Graduate Institute of Photonics and Optoelectronics, National Taiwan University, No. 1, Roosevelt Road, Section 4, Taipei, Taiwan

Published: 21 July 2017 by MDPI AG in The 7th International Multidisciplinary Conference on Optofluidics 2017 in The 7th International Multidisciplinary Conference on Optofluidics 2017
MDPI AG, 10.3390/optofluidics2017-04184

The forming process of the lens is conducted in an automated CNC (Computer numerical control) machining process for designed aspherical lenses [1]. Even though the aspherical lens surface, such as freeform, can be manufactured by CNC method, the processes involved in making lenses are often expensive buying the CNC tools. In this paper, we present a simple method for making aspherical lenses in a PDMS mold by a 3D printer. A fabrication method has been developed to cast the Norland optical adhesive 65 (NOA65) film using a polydimethylsiloxane (PDMS) mold defined by a 3D printer. Therefore, we can duplicate the same shape lenses.

In Figure 1, we connect a plunger into a plastic syringe with the end cut-off. A 3D printed model [2] , which has a circular hole on a rectangular plate, is pasted on the flange extender. After the 3D printed model is immersed within PDMS, we push the plunger and inject the air into the PDMS. The captive bubble has the aspherical shape because the large density difference between the air and PDMS.
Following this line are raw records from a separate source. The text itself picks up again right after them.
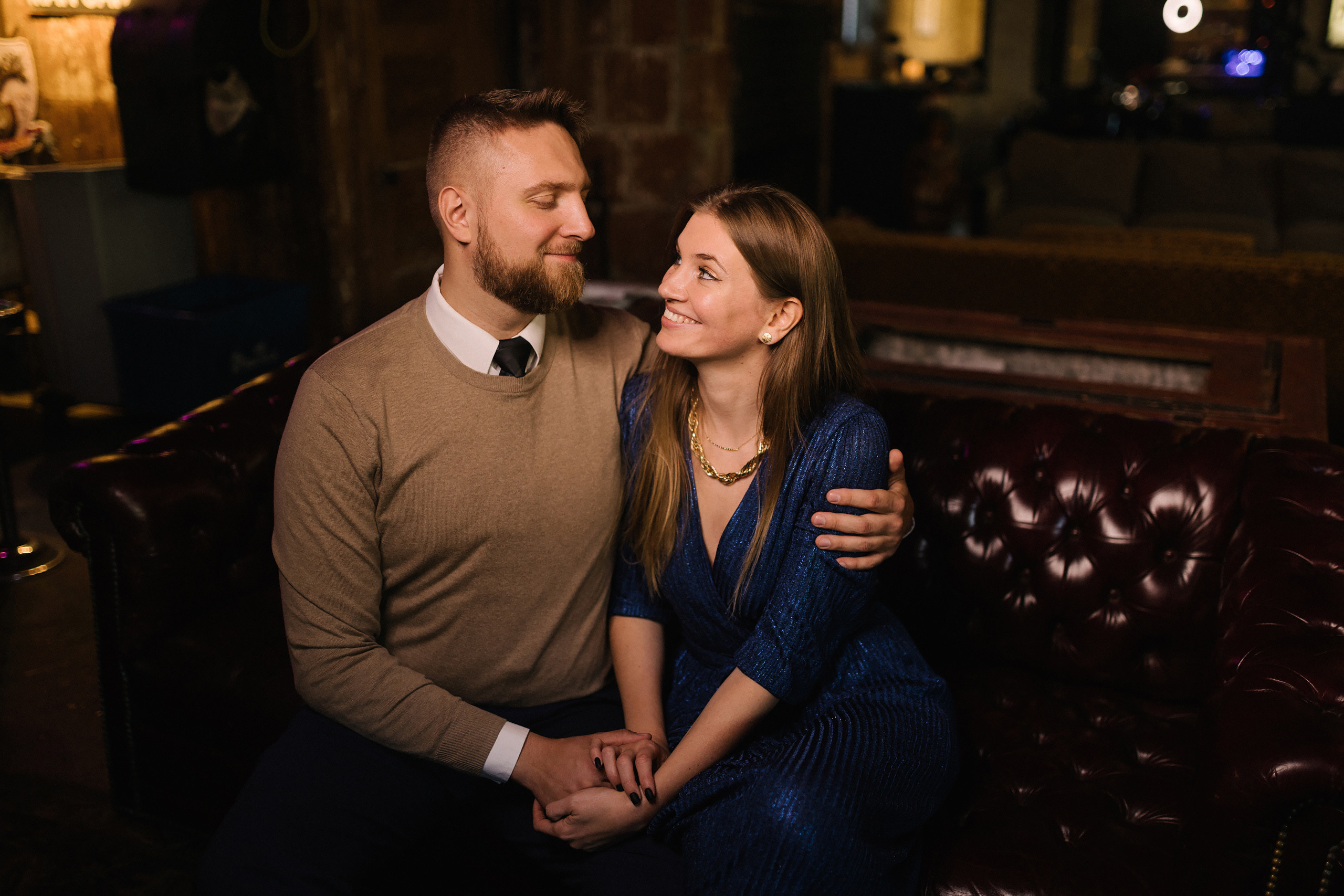 11.06.2021 Birthday Party. Wedding family event photographer in Chicago Nick Yushevich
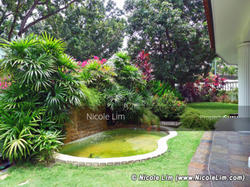 Bukit Teresa Road (D4), Detached #112551902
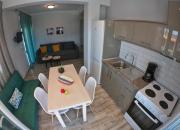 Top Skala Kallirakhis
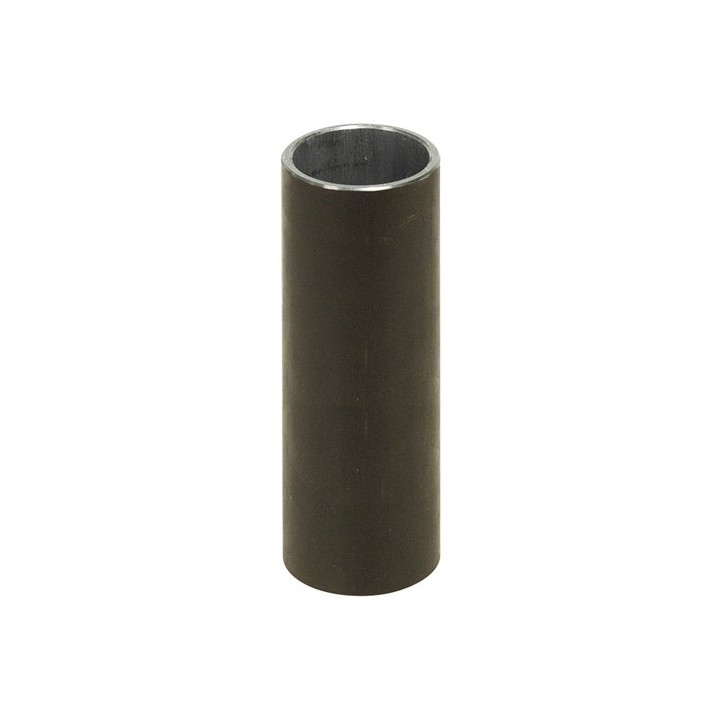 GEDORE Guide Tube Ø66.5 mm, Thread M56x1.5 KL-1020-3913 | PAM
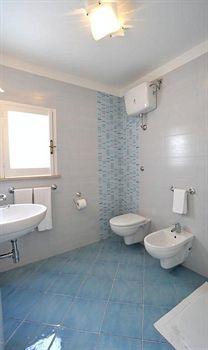 Casa Nilde Bed & Breakfast 3*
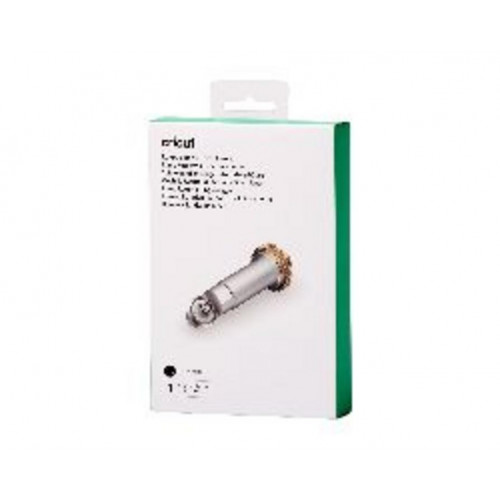 Repuesto CRICUT Cuchilla Rotatoria +...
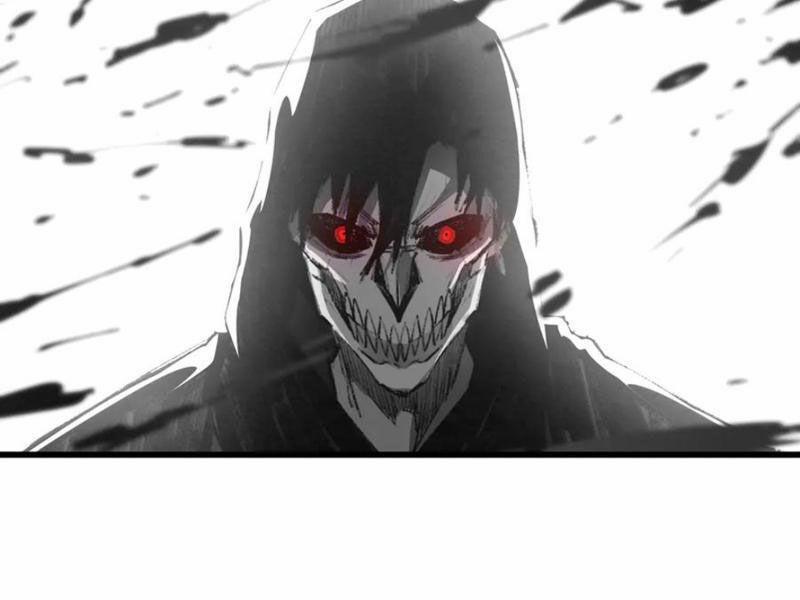 Trảm Nguyệt 70 trang 80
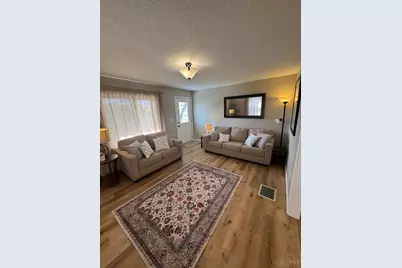 3221 Yankee Road, Middletown, OH 45044 - Photo 4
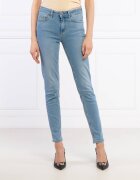 Liu Jo Blugi | Slim Fit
In the situation of fluid statics, we consider two cases: PDMS sessile drop on the solid substrate and sessile bubble on the 3D printed mold. We assume the tangent lines of the sessile bubble and the sessile drop have same angle with the horizontal line by choosing the proper 3D printed mold for the bubble and the proper substrate for the drop. Because the net upward buoyancy force is equal to the magnitude of the weight of fluid displaced by the body, the bubble and the drop have the similar shapes when the bubble and the drop have the same surface tension. Here, we introduce the axisymmetric drop shape analysis for sessile drops [3] to predict the shape of the sessile bubble. Figure 2 shows the simulation results of Young-Laplace analytical approximation for capillary constant: 0 mm-2(black line) and 0.4 mm-2 (red line), with 1800 contact angle apex radius: (a) 2 mm, (b) 2.5 mm, (c) 3 mm. The shape becomes more aspherical when the apex radius increases.

Once the PDMS is hardened after a half day, we separate the PDMS mold from the 3D printed mold in Figure 3(a). In Figure 3(b), we fill the NOA 65 into the bubble space of the PDMS mold and put a microscopic slide on the mold. Then, we can use ultra-violet (UV) light to cure adhesive, and take out the lens to be a plano-convex lens. Because the adhesive will be hardened in about thirty minutes, we can prepare the PDMS molds with different bubble shapes in a laboratory and made the lenses in a very short time when we need to use them.

Figure 4 shows the different NOA 65 lenses from the molds under injecting different air volumes into the PDMS. In summary, smooth lenses with different diameters radius of curvatures can be fabricated using a mold made by a 3D printer.